Fears of floods crippling Britain have eased overnight despite concerns rain could see water levels continue to rise.
A total of five people have died in accidents related to the rains and the North East is currently the region most seriously hit by the storms. Flash floods have also hit parts of Yorkshire, Shropshire, Herefordshire and Worcestershire.
Forecasters have warned the rain will continue to fall in parts of Britain, especially the east coast, but said it will be random showers rather than the persistent rain of recent days.
More than 400 people were evacuated from their homes in Morpeth, Northumberland, after the town was "virtually cut off" when the River Wansbeck burst its banks causing the worst flooding since the 1960s.
The situation was so serious an RAF helicopter was called in to help pluck several stranded residents to safety. But Northumberland County Council member Andrew Tebbutt said the situation has "eased considerably" overnight.
At the height of the floods, Morpeth High Street was under 2ft of water. Residents spent the night at two rescue centres located in the north and the south of the town.
Councillor Tebbutt, who is jointly in charge of emergency planning, said: "The situation has eased overnight considerably.
"Fortunately it is not raining at the moment as it did most of the night. If we get torrential rain again like we did yesterday then it will re-flood very quickly, the ground is saturated." He said around 1,000 homes were affected by the flooding and around 400 people were evacuated.
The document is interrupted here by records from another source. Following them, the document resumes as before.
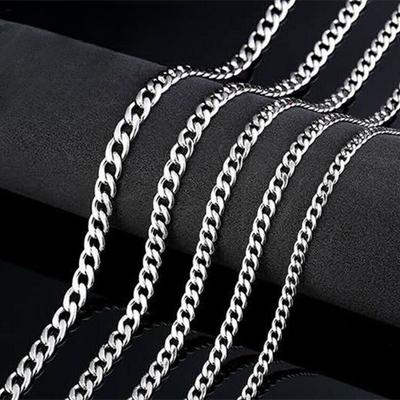 2-10mm Stainless Steel Curb Cuban Chain 45-90cm Necklace Woman Man Never Fade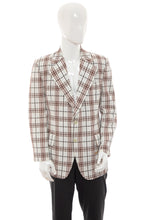 Load image into Gallery viewer, 1970&#39;s Ohrbach&#39;s White and Brown Plaid Suit Jacket Size M
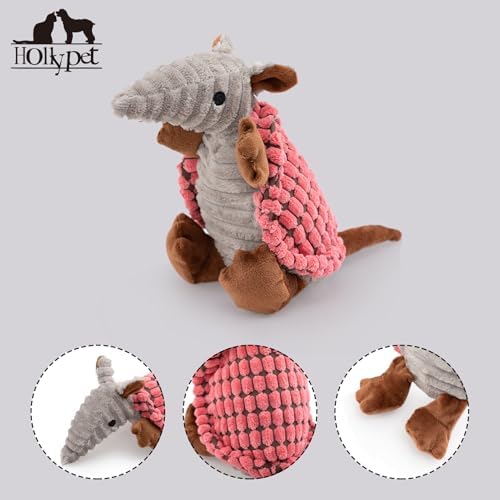 Hollypet Armadillo Squeaky Puppy Dog Toys for Small Medium Dogs, 8" - Image 3
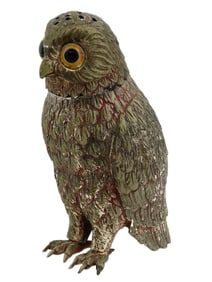 VINTAGE SILVER PLATED OWL SALT SHAKER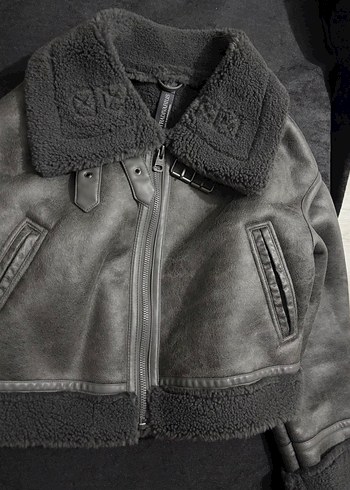 STRADİVARİUS Gri Süet Kürklü Kadın Ceket - Görsel 2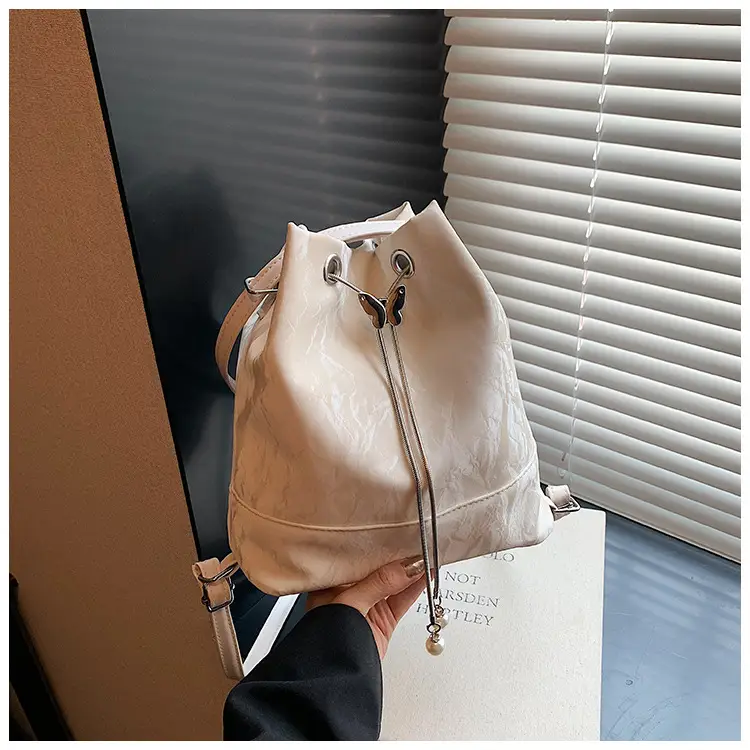 Women's Drawstring Backpack Bag Beige 2024 — feature 36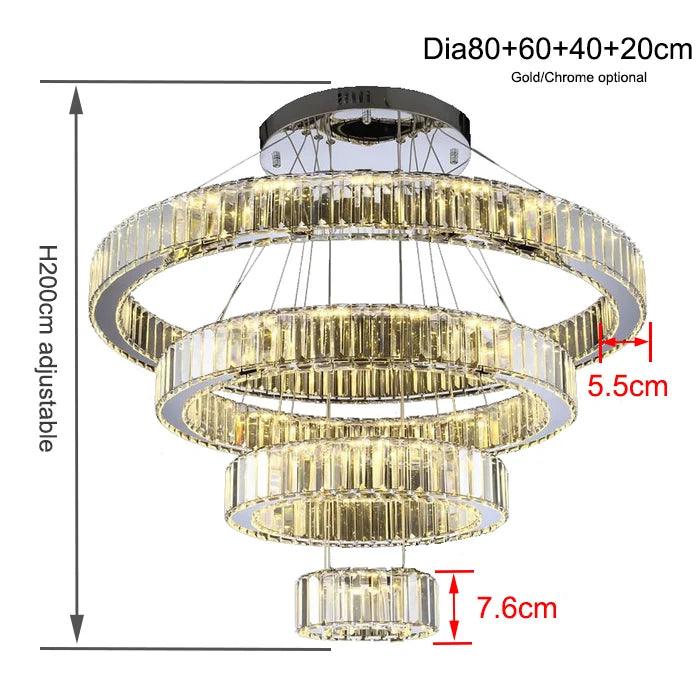 Lustre Élégant en Acier Inoxydable et Cristal pour un Éclairage Sophistiqué-LUMICONCEPT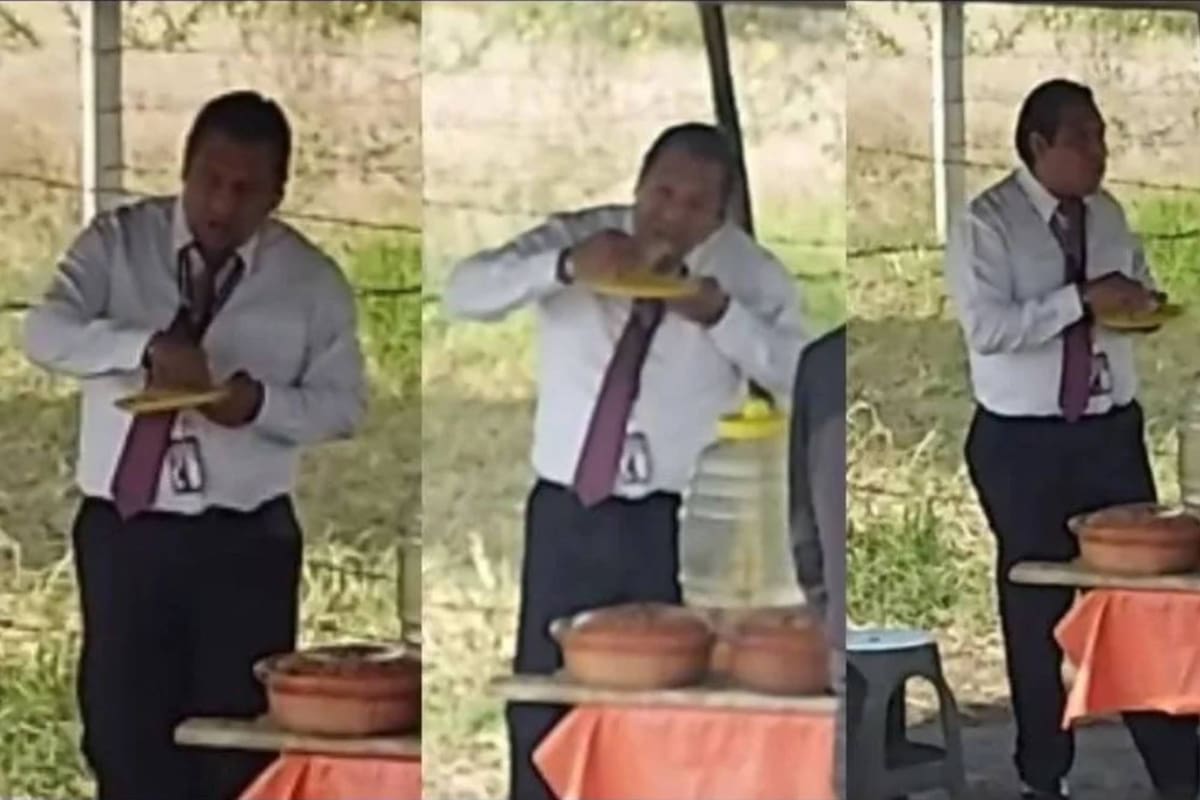 Chofer se detiene a comer su almuerzo: las críticas en las redes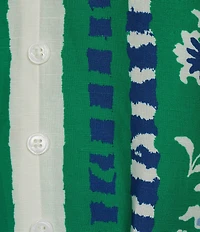 Skies Are Blue Floral Border Print Button Front V-Neck Sleeveless Maxi Dress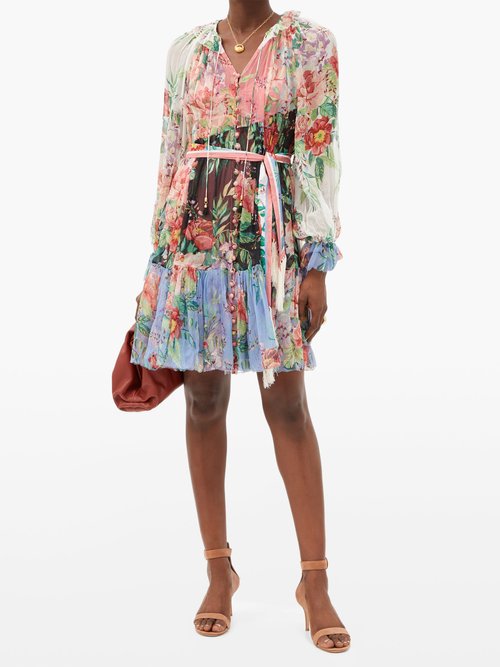 Zimmermann Bellitude Floral-print Silk-chiffon Mini Dress Multi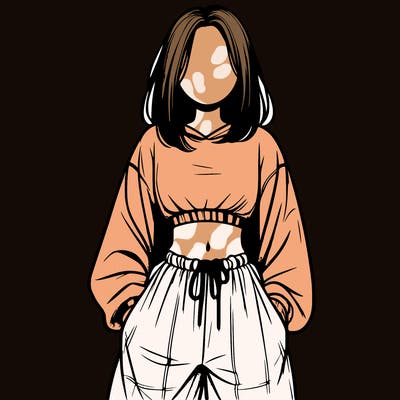 realistic girl faceless with baggy pants and a crop top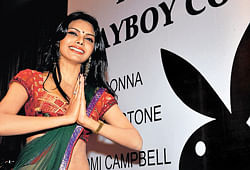 File photo of actress Sherlyn Chopra during a Playboy magazine press event in Mumbai. AFP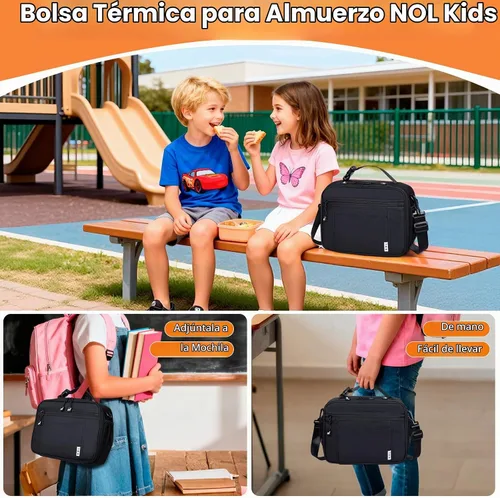 Vista 7 de NOL - Lonchera reutilizable con aislamiento para niños, tela resistente al agua, fácil de limpiar, múltiples bolsillos con cremallera, capacidad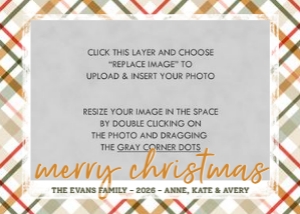 Holiday Plaid Christmas Card 1B: Holiday Plaid Christmas Card Template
"There were a considerable number of people who self-evacuated so the number will be higher," he added.
MeteoGroup, the weather division of the Press Association, said that while Britain was over the worst of the current storms, there would be more rain on the east coast. Forecaster Tom Tobler said: "There will be more rain today, but it will be showers rather than the persistent rain of the last few days. It will be mostly down the east side of the UK. In some places there will be heavy bursts of rain."